Does this matter? After all, there are plenty of e-books that do things that can’t be done in print; different formats just have different capabilities. Of course. But there are a few important points to be made from it…
1) It says a lot about what we think books are. We expect that a book is read linearly from the front cover to the back. We expect that it is the meaning conveyed in the book’s words that matter and not the way those words are arranged on the page, and certainly not the font. We expect that readers are only looking at one page at a time, and not trying to read several different parts of the book at the same time. And we assume that reading is not a physically challenging activity. I’m pointing out these assumptions not because they are wrong—for most people, they usually aren’t—but because they are such strong expectations that we don’t usually notice that this is what we expect.

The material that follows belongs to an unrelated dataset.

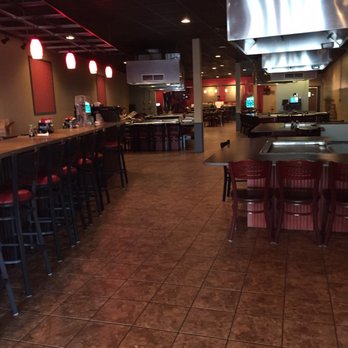 Fuji Asian Bistro - Asian Fusion Near Me - Louisville, Kentucky Fuji Asian Bistro - Asian Fusion Near Me - Louisville, Kentucky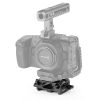 SmallRig BMPCC 4K bázistalp -SmallRig Cage 2255 kompatibilis (2267)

2) In any given format, a very small number of texts will take full advantage of everything the format can do. We’ve been using print for centuries, but how many books do everything that print can do? Not many. This is one of them. The same is true of e-books; there’s a vast array of things that e-books could do, but so far, almost all of them don’t. (Digression: I remember once hearing about a book that was just a list of unbound pages in a box. You could read them in any order you wanted. I doubt it had an interesting plot, though.)
3) Whoever says we can move entirely from one format to another and lose nothing in the process is simply wrong. To prove this by writing a large, complex book that readers have to struggle through at great length may seem like undue effort to prove a very simple point. But, well, for me to criticize a lack of brevity is simply silly at this point.